**Caption-style text data**:
++++
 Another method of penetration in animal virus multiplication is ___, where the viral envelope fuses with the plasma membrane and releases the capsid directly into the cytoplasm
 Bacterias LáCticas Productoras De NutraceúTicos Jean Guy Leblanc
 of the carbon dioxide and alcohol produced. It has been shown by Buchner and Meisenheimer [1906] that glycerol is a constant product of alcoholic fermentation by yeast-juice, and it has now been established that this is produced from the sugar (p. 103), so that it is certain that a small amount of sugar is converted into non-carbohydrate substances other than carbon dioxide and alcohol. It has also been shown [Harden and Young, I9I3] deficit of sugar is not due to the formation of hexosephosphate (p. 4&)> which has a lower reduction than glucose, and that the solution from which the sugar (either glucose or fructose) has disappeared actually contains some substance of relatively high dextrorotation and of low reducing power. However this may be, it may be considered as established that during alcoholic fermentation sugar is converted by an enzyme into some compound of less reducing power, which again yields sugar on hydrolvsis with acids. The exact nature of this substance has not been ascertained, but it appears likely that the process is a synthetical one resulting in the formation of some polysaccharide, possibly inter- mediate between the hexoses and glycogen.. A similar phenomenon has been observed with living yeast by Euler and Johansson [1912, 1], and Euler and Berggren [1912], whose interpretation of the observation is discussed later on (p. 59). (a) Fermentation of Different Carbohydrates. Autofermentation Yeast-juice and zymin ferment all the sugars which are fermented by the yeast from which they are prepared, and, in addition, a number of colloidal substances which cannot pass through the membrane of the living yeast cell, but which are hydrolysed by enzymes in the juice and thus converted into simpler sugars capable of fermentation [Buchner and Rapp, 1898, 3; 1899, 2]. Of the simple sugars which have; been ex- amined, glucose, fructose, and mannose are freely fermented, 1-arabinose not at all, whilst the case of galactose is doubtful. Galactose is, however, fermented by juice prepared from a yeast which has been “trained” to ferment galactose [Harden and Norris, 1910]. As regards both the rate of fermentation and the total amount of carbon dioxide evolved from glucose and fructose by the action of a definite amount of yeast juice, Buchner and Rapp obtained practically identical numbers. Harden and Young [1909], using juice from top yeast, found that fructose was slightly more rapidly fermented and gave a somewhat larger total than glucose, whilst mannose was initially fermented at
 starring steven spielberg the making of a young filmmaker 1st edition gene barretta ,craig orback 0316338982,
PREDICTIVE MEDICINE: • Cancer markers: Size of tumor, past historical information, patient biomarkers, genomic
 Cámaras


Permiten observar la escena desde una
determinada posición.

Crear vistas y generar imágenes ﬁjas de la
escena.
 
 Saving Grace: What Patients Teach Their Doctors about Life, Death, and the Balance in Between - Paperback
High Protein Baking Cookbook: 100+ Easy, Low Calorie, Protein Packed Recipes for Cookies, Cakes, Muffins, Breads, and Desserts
++++
**Assigned task**: What you retype should run from the first line of the entries above through the line containing "Bacterias LáCticas Productoras", exactly and in full.

**Solution for this problem**:
 Another method of penetration in animal virus multiplication is ___, where the viral envelope fuses with the plasma membrane and releases the capsid directly into the cytoplasm
 Bacterias LáCticas Productoras De NutraceúTicos Jean Guy Leblanc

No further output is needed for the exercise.